Good morning,

UK: Pay higher but will sales follow?

Sterling stabilised yesterday following a higher than expected wage release suggesting that the pain of real wage declines in the UK may be lessening. Despite pay rising by 2.1% on the quarter UK consumers grew poorer by 0.5% in the 2nd quarter of this year according to yesterday’s stats and this will continue to act as a short term depressant on UK economic growth.

While the Bank of England and markets may be confident that inflation may become more benign there is less commitment to a belief that pay will start to charge higher and therein lies the rub; real wage increases cannot be counted on to fuel a dependable backdrop for our post-Brexit economy. We have said many times that real wage increases are the silver bullet for the concerns that swamp the UK economy and while this figure is better than had been expected, at the end of the day people are still getting poorer.

The labour market is solid at the moment but it has been solid for a long time and has not been enough to generate reliable and meaningful wage growth. The translation into retail sales later will be interesting; how much has the average shopper tightened their belt against this backdrop? We will find out at 09.30 this morning.

There is no Brexit position paper to be analysed later today.

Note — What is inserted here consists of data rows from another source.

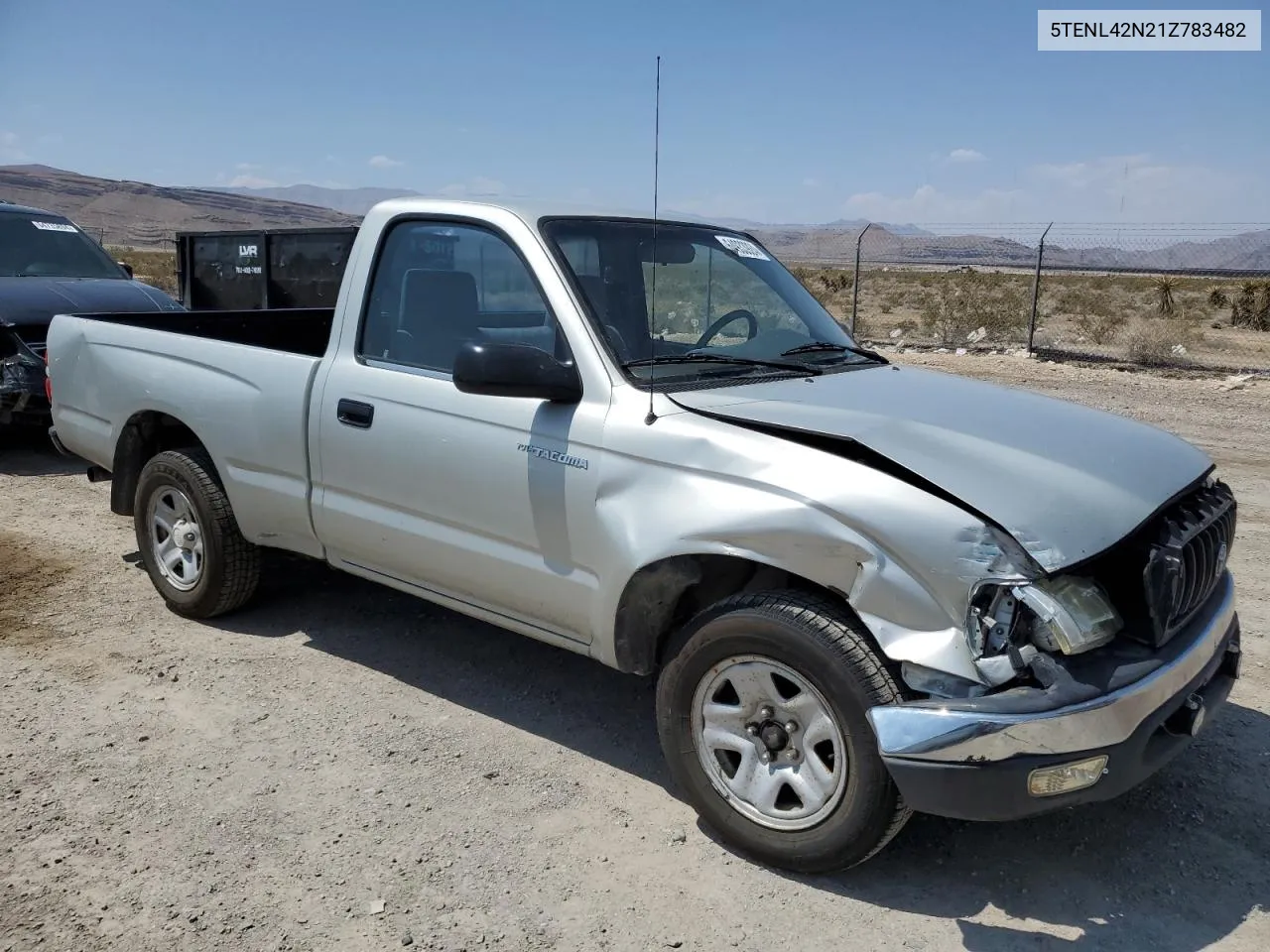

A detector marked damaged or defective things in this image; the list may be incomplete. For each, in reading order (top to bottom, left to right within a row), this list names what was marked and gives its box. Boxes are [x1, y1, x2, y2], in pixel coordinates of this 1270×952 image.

crumpled hood [0, 278, 184, 329]
crumpled hood [671, 365, 1214, 571]
broken headlight [1012, 575, 1119, 658] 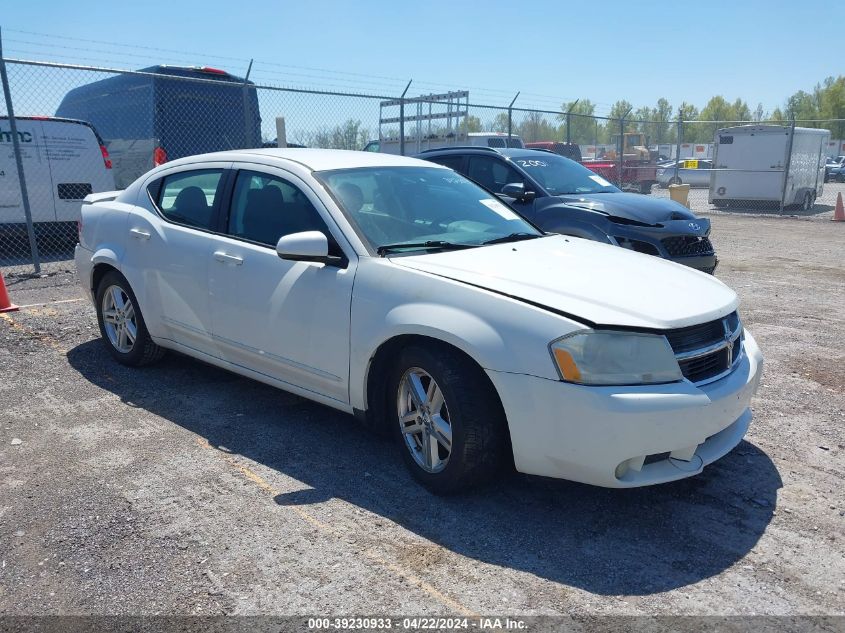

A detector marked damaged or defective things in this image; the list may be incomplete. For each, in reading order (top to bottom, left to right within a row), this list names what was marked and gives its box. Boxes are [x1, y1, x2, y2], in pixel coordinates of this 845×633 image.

dark damaged car [422, 147, 720, 272] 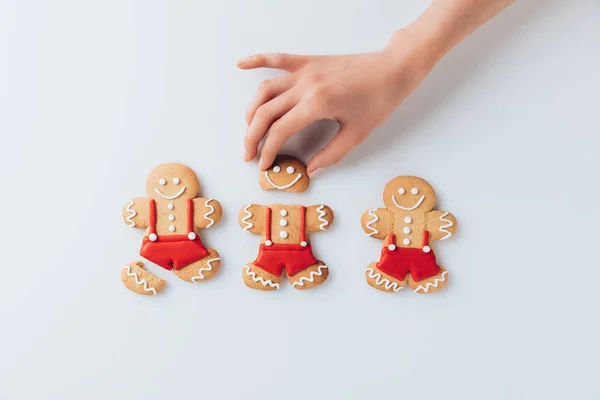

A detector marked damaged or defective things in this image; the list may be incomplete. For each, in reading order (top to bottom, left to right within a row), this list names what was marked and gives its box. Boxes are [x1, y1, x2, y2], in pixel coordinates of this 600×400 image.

broken gingerbread arm [122, 197, 150, 228]
broken gingerbread arm [196, 197, 224, 228]
broken gingerbread arm [238, 205, 266, 236]
broken gingerbread arm [308, 205, 336, 233]
broken gingerbread arm [360, 208, 394, 239]
broken gingerbread arm [424, 209, 458, 241] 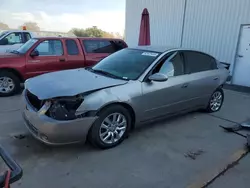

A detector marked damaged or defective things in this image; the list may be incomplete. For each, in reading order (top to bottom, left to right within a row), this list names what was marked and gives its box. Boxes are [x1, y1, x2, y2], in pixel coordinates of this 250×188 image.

damaged front bumper [21, 92, 97, 145]
broken headlight [46, 95, 83, 120] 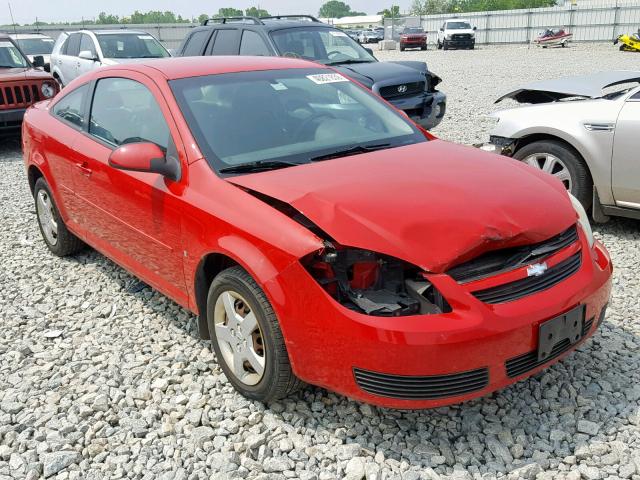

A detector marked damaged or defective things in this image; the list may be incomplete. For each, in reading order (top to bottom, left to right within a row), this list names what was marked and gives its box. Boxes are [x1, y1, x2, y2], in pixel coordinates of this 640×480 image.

crumpled hood [332, 60, 428, 89]
crushed bumper [0, 108, 26, 131]
crumpled hood [229, 141, 576, 272]
missing headlight [302, 246, 452, 316]
crushed bumper [268, 236, 612, 408] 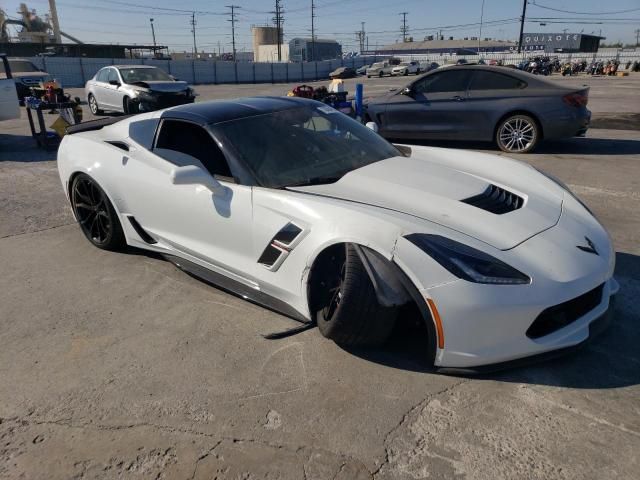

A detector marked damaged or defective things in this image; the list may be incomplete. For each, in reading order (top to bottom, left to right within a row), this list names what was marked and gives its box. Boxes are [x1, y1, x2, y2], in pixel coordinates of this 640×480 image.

detached tire [312, 246, 396, 346]
crack in pavement [370, 378, 470, 476]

US: Fed minutes hint at rate underpricing

Dollar has not reacted much to the latest set of minutes from the Federal Reserve released overnight that confirmed that while there is by no means a single viewpoint on inflation within the central bank, you could throw a small blanket over them such is their lack of dispersion. The overarching theme is that the recent dip in inflation is transitory and therefore we believe that the risk of a December rate hike is a little under-priced by markets at the moment, giving USD room to rebound. Obviously this is contingent on inflation coming higher but Tuesday’s retail sales data will have been encouraging.

The news that Donald Trump had shut down two business advisory groups to his Presidency following a stream of resignations has not been a market mover.

Korea: Red lines drawn

South Korea issued a warning to its northern counterpart yesterday that should it see North Korea deploy an ICBM missile tipped with a nuclear warhead then that would be a ‘red line’ adding that the Hermit Kingdom was coming up on that line quickly. South Korean President Moon also stated that President Trump had agreed to seek approval from South Korea before taking action against the North.

The Day Ahead

Away from the UK retail sales announcement at 09.30 we also have the final reading of Eurozone inflation at 10.00 and US industrial production at 14.15. Euro weakened unexpectedly yesterday following a rumour that Mario Draghi will decline to reveal any new policy that would tighten monetary conditions at the Jackson Hole Economic Symposium next weekend. We would suspect that today’s inflation figure is unlikely to pressure him into anything either and the near term story for the single currency may be one of consolidation at current levels.